- EXERCISE REQUIREMENTS -
Reproduce all of the data word for word.

- DATASET EXCERPT -
================================
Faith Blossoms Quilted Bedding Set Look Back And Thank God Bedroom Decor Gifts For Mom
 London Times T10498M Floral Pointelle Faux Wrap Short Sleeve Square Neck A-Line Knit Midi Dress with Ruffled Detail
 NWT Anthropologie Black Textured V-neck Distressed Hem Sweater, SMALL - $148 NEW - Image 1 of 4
================================
- ANSWER SPACE -
Faith Blossoms Quilted Bedding Set Look Back And Thank God Bedroom Decor Gifts For Mom
 London Times T10498M Floral Pointelle Faux Wrap Short Sleeve Square Neck A-Line Knit Midi Dress with Ruffled Detail
 NWT Anthropologie Black Textured V-neck Distressed Hem Sweater, SMALL - $148 NEW - Image 1 of 4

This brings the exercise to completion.